Characterization of PAC by SI values requires meticulous interpretation. Some previous studies demonstrated that instantaneous, filtering- and Hilbert-based methods to evaluate PAC can potentially lead to spurious estimates of the relation between phase and amplitude24–26. For the local field potential (LFP) in the subthalamic nucleus of Parkinson's disease, the nonsinusoidally sharp waveform in the LFP leads to high estimated PAC values given the relation between instantaneous phase and amplitude27. Such a sharp waveform is the characteristic of the waveform of Parkinson’s disease. Therefore, even when high SI values relate to the characteristic waveform, high SI values indicate Parkinson’s disease. Although an evaluation of whether the evaluated SI values represent the true PAC is valuable, as Aru et al. discussed in their review of PAC, the evaluated PAC values are useful as a biomarker even when they have the characteristics of a nonsinusoidal waveform28.
Notably, the observed PAC for alpha–gamma coupling (Fig. 3) showed SI values that were significantly larger than the phase-shuffled SI values. In addition, the SI values for alpha–gamma coupling were larger than those for beta–gamma coupling in the frontal and occipital cortices, especially for couplings with low gamma-band amplitude (Fig. 3). These data are consistent with the findings of previous studies showing significant alpha–gamma coupling in the sensorimotor cortex11,29 and in the visual cortex30. However, in the comparison across participants’ entire brains, no significance for alpha–gamma coupling was found (P > 0.05, false discovery rate corrected), which is not surprising given the low t values for SI values for alpha–gamma PAC. Therefore, beta–gamma PAC, and not alpha–gamma PAC, is suggested to be a biomarker of Parkinson's disease.

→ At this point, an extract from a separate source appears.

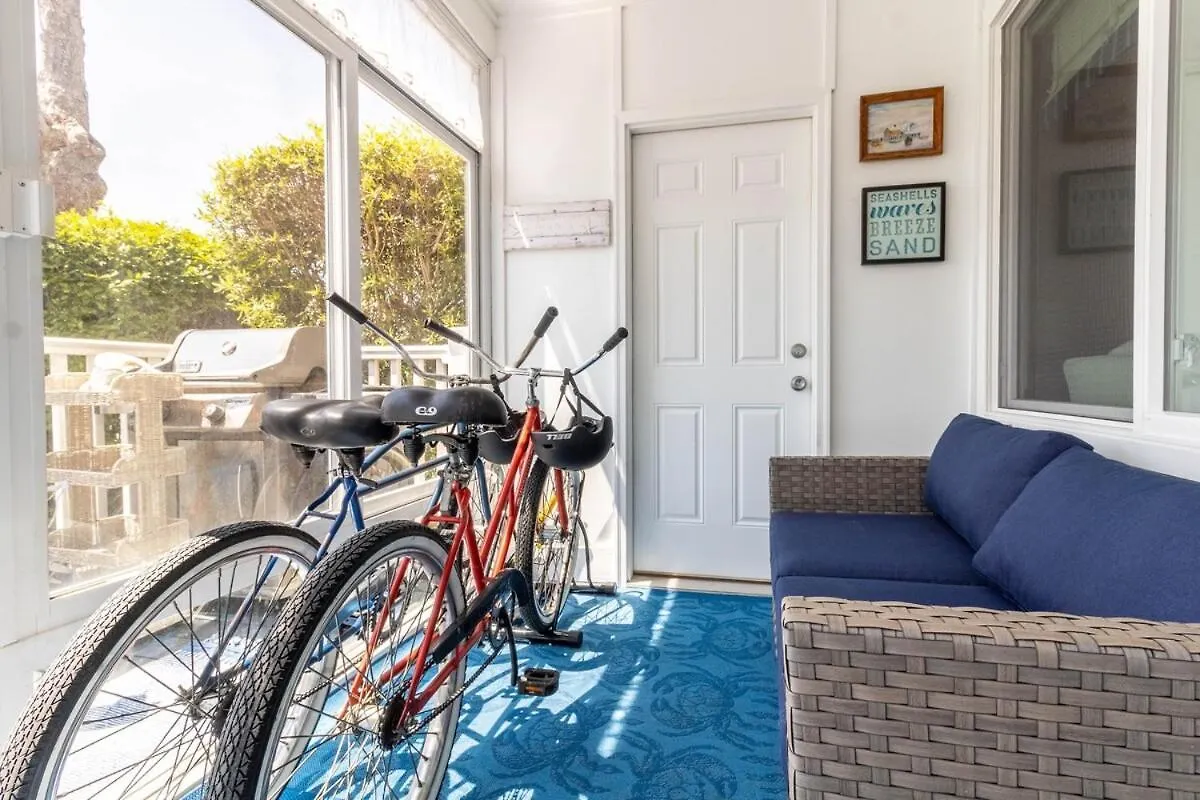 Coastal Cottage! Brand New Listing! Holiday home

Concerns might arise that the strong beta–gamma PAC in the temporal region is related to muscle activity, motion, and muscle artifacts. As shown in Fig. 2 and confirmed by the authors, such artifacts were not observed in the data used in the analysis after denoising and excluding the remaining noisy segments. Additionally, as shown in Supplementary Figure S3, the correlation between PAC and power was much higher in the frontal cortex than in the temporal cortex, which is inconsistent with the expectation that the correlation should be higher in the temporal cortex if PAC is influenced by high-frequency muscle activity. These results suggest that high and significant PAC was not related to artifacts.

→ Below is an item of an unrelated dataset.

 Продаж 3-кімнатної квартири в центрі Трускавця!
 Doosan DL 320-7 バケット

One might argue that the observed beta–gamma PAC in the occipito-temporal cortex was reflected by the activity in the basal ganglia, which might project to the cortex. Basically, deep brain signals detected by MEG affect the wide cortical areas. The high beta–gamma PAC in the occipito-temporal cortex could be attributed to activity in the basal ganglia. However, it is difficult to explain the high beta–gamma PAC in the sensorimotor cortex, which differs from the occipito-temporal cortex, because the MEG signals were detected continuously in the space. In addition, the activity in the basal ganglia, whose neurons are not spatially aligned, have difficulty generating large signals that are detectable by MEG outside of the head. Therefore, it is difficult to attribute the significant beta–gamma PAC in the sensorimotor cortex and occipito-temporal cortex to the activity in the basal ganglia.

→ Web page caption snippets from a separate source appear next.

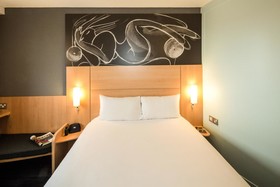 ibis Reading Centre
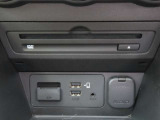DVD/CDスロットとその下にUSBポートが二口ございます。運転席と助手席それぞれにスマホや電子小物の充電が可能です。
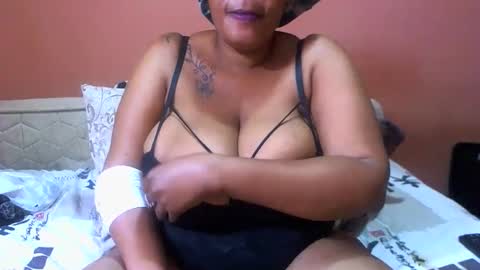 Snapshot of luvcandy85 chatting on 10, 1, 2025 luvcandy85 online show from 10, 1, 2025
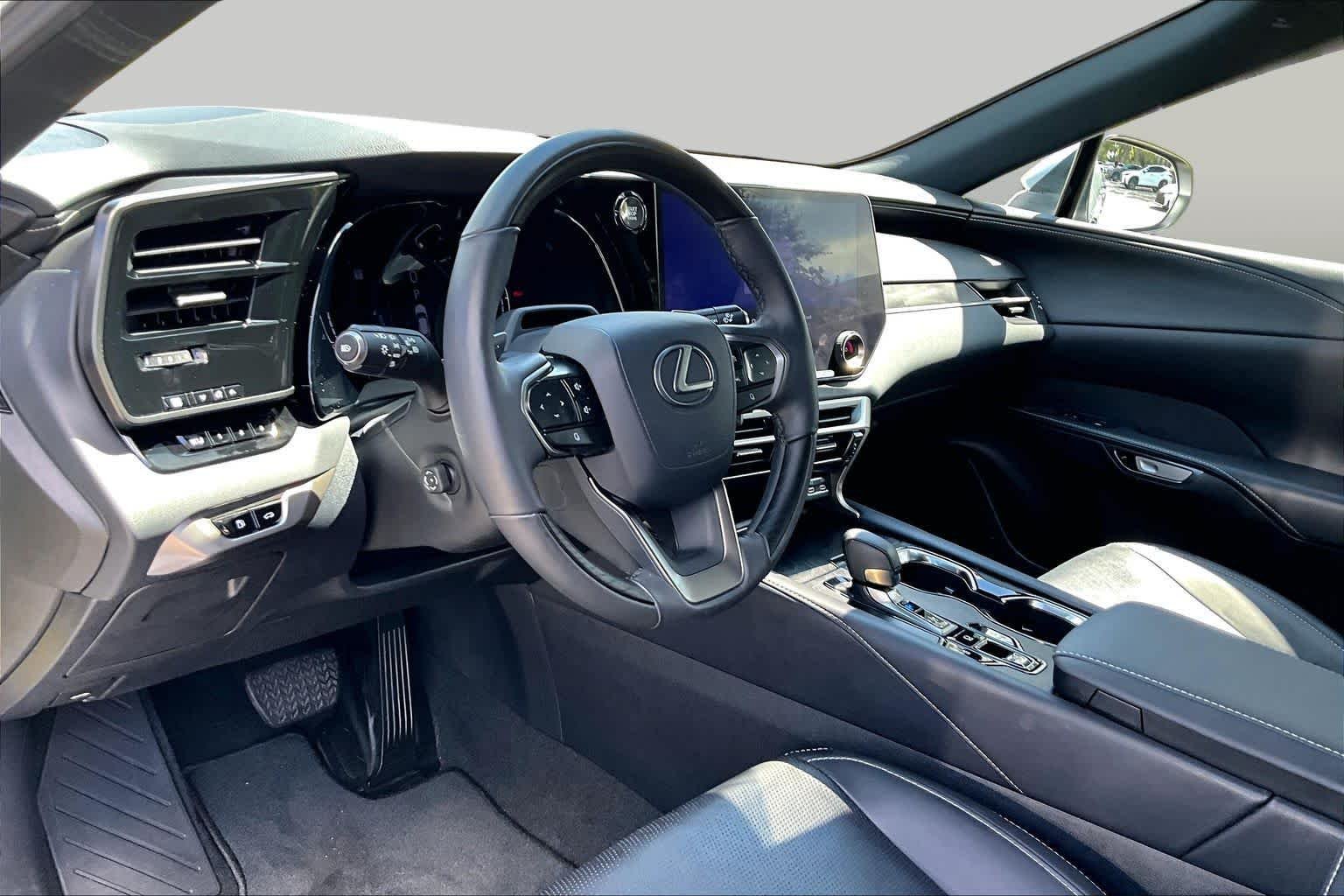 Used 2024 Iridium Lexus Premium Plus image 18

Our findings show that beta- and gamma-band power differed significantly for patients with Parkinson's disease and for HSPs. With respect to using MEG to evaluate cortical power in Parkinson's disease, although one study concluded that beta-band power in the primary motor cortex is reduced in patients with Parkinson’s disease compared with that of control participants31, another study found increased beta-band power in the sensorimotor cortex in patients with Parkinson's disease compared with that of control participants32. In contrast, in studies using scalp electroencephalography, no significant differences in beta-band power were observed in patients with Parkinson’s disease compared with that of HSPs33–35. Thus, the results from previous studies of cortical power in Parkinson's disease are not consistent. Moreover, one report suggested that dopamine replacement therapy increases beta-band power in the motor cortex31. Cortical power is thought to be strongly influenced by dopamine replacement therapy36, complicating the interpretation of the results for cortical power in our study, which was conducted while patients continued their medication.
In previous studies that evaluated patients with Parkinson’s disease during the resting state by scalp electroencephalography, electrocorticography, and MEG, cortical beta-band power was reported not to correlate with clinical motor scores37, to vary independently of changes in motor symptoms12, and not to differ between on and off cycles33,34. In our study, beta-band power in the sensorimotor cortex did not significantly explain Parkinsonian motor symptoms, which was consistent with findings in previous studies.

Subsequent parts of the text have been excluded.